Steam, the world’s largest digital distribution platform for PC games, has quietly removed several adult-oriented titles over the past few months. At first glance, it might look like a content moderation decision. But that’s not what happened. These removals weren’t the result of user complaints or community standards. They were driven by the financial back end — specifically, Visa and Mastercard.
It’s not the first time private financial infrastructure has exerted behind-the-scenes influence over digital platforms. But in this case, the target isn’t illegal content or financial fraud. It’s games with fictional depictions of taboo or sexually explicit scenarios — many of which were clearly marked, age-restricted, and entirely legal in the countries where they were sold. That didn’t matter.
Game developers who received removal notices from Valve (Steam’s parent company) were told their titles violated unspecified “payment processor guidelines.” No clear criteria. No published standards. In follow-up conversations, some developers were told their games couldn't be sold on Steam unless they complied with stricter rules set by the payment providers themselves — rules that went far beyond Steam’s own policies.
And those rules? They're opaque by design. There’s no transparent appeals process. No published framework. Just a vague, shifting understanding that if your game includes certain themes — non-consensual scenarios, incest (even when fictional and clearly disclosed), or anything that might seem too provocative — your payments won’t be processed. And if Steam can’t process payments, Steam can’t host the game. Simple as that.
Developers aren’t being banned outright. They’re being demonetized — and in a commercial ecosystem, that’s a quieter, far more effective form of censorship.

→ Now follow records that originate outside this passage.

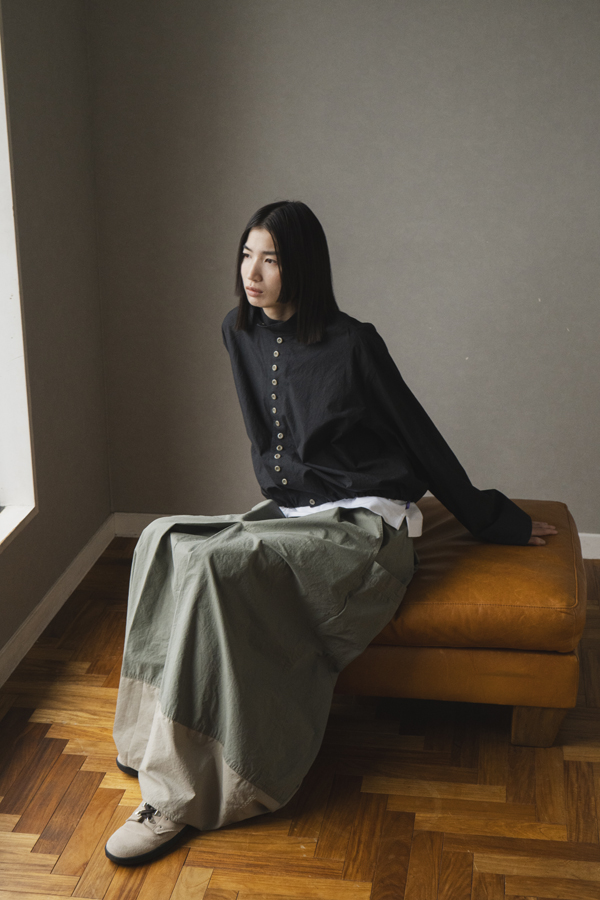 Violette春夏コレクション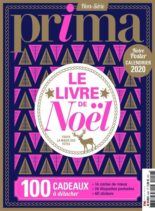 Prima – Hors-Serie – N 55 2020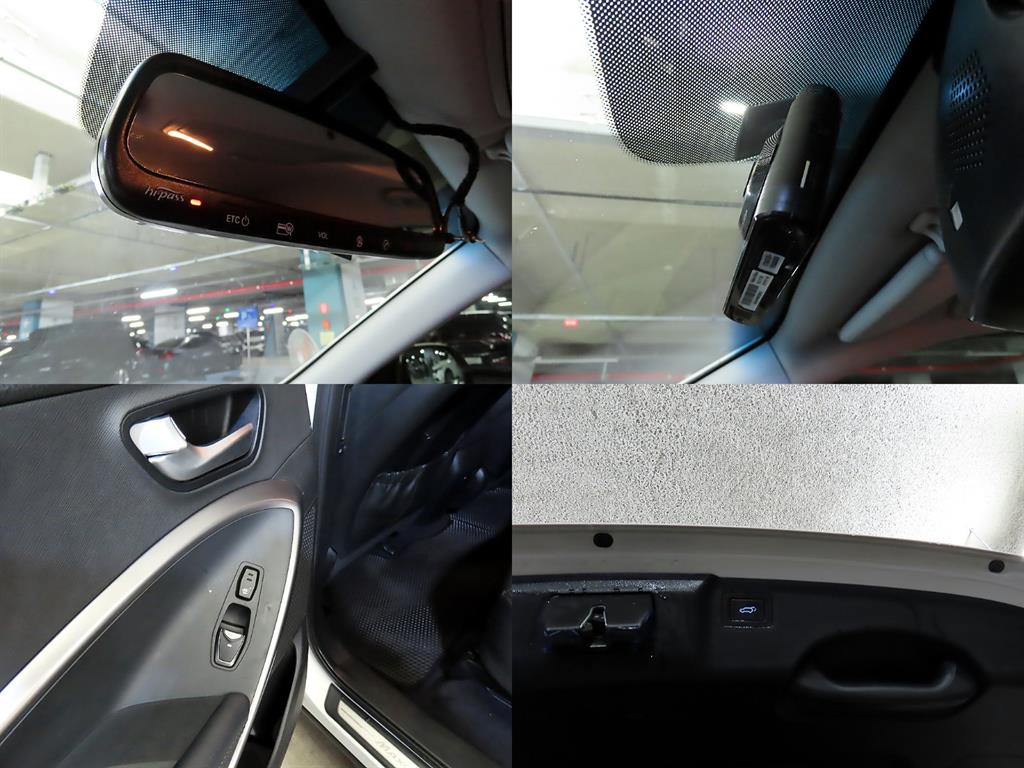 HYUNDAI Maxcruz 2014 - Importación desde Corea - HF Imports Iquique - Foto 18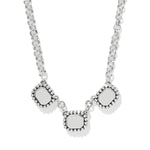 Brighton Twinkle Luxe Trio Necklace - Juli's Wearable Art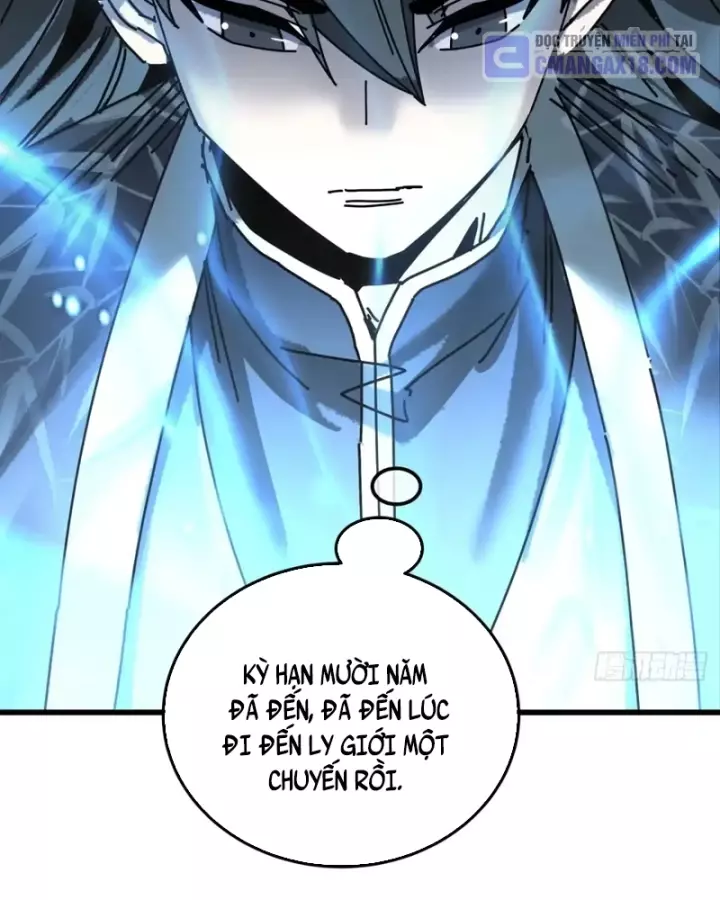 Ta Mô Phỏng Trường Sinh Lộ Chapter 69 - Trang 24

It’s worth noting that Valve didn’t make these decisions out of moral panic. In fact, the company has historically prided itself on a hands-off approach to content, trusting its users to make informed choices and relying on robust tagging, content warnings, and opt-in filters. In 2018, Valve made headlines when it announced it would “allow everything” on Steam so long as it wasn’t illegal or “straight-up trolling.”
But principles don’t hold up well against a financial ultimatum. When your business model relies on card payments — and those card companies threaten to pull out — even the most permissive content policies collapse.

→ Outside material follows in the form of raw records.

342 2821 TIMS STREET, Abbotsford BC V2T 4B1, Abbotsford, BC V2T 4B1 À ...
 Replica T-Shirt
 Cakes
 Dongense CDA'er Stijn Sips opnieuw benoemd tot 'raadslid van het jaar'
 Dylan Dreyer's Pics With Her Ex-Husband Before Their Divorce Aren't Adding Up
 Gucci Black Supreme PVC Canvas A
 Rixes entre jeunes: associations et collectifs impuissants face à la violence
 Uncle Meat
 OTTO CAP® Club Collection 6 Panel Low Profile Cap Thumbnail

What’s changed isn’t Valve’s attitude toward expression. It’s their leverage. Steam didn’t rewrite its rules. It got financially coerced into outsourcing them to Visa and Mastercard.

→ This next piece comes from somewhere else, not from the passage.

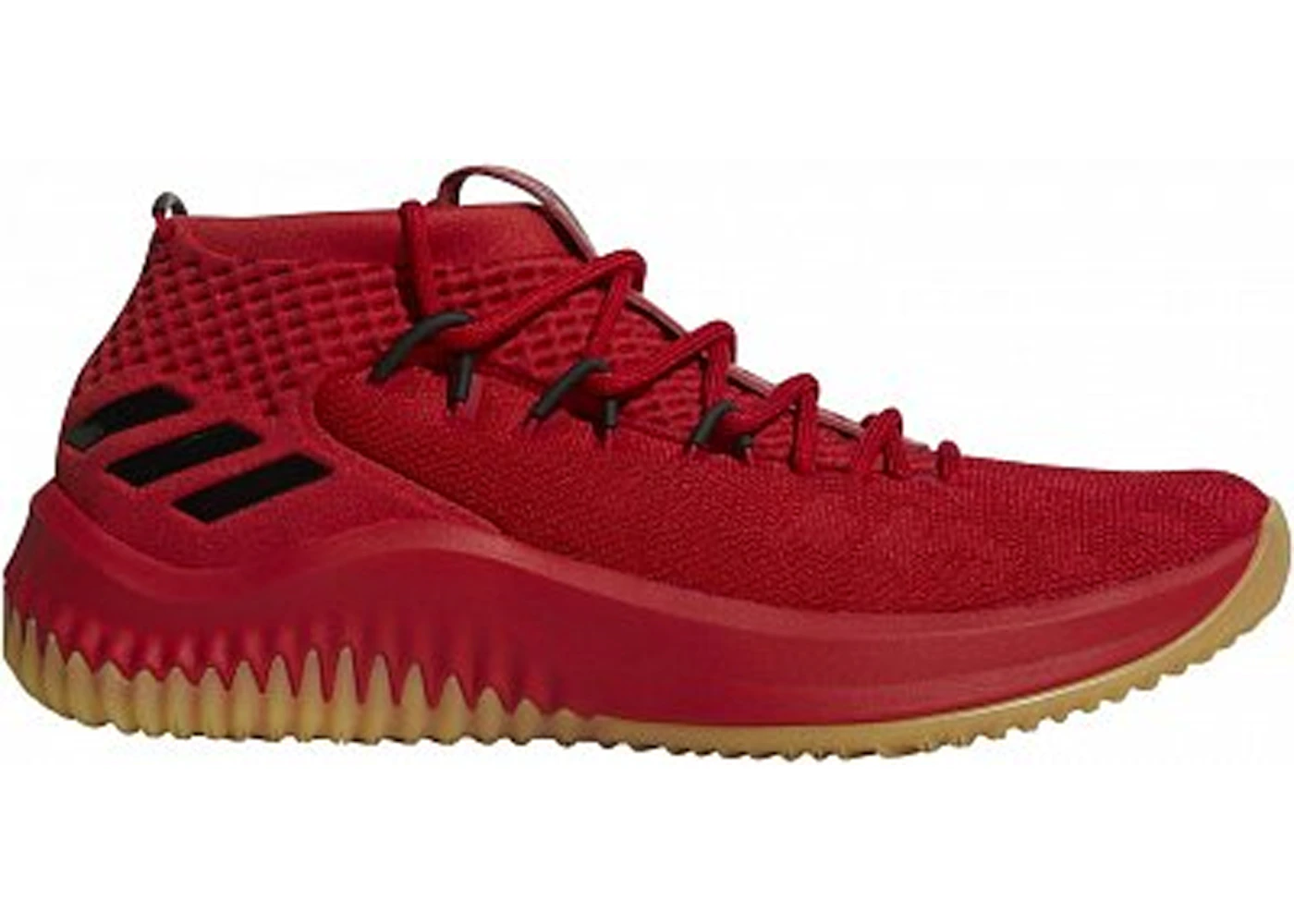 Adidas dame 4 uk hotsell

We’ve seen this playbook before. In 2020, Visa and Mastercard cut ties with Pornhub following a New York Times article highlighting deeply serious concerns over abuse and unverified content. The site removed millions of videos and revamped its moderation policies overnight — but the financial damage was done. In 2021, OnlyFans announced a brief ban on explicit content, citing pressure from banks and payment providers. The ban was reversed days later, but the message was clear: the people who control the money control the medium.
Now, that same financial leverage is being used not just to target real-world exploitation, but to suppress controversial fiction. Stories that explore morally gray areas, power imbalances, or taboo subjects — even within safe, clearly labeled digital spaces — are being shut down. Not by courts. Not by customers. But by two private companies with no public oversight.
The result is a new form of gatekeeping, enforced not by regulators, but by risk managers and legal departments terrified of headlines. There's no due process. No consistency. Just quiet decisions made in boardrooms, affecting creators halfway around the world.
Developers are scrambling. Some have moved to alternative platforms like itch.io. Others are exploring decentralized hosting or cryptocurrency-based payments to avoid the card networks altogether. But none of those options offer the visibility, traffic, or commercial viability of Steam. For many, the choice is stark: self-censor, or lose your livelihood.
This isn’t about morality. It’s about control — financial control that masquerades as corporate responsibility. Visa and Mastercard may not make games, but they’re shaping what games can exist. What stories can be told. What art is allowed to survive.
And like all powerful editors, they never have to explain their redlines.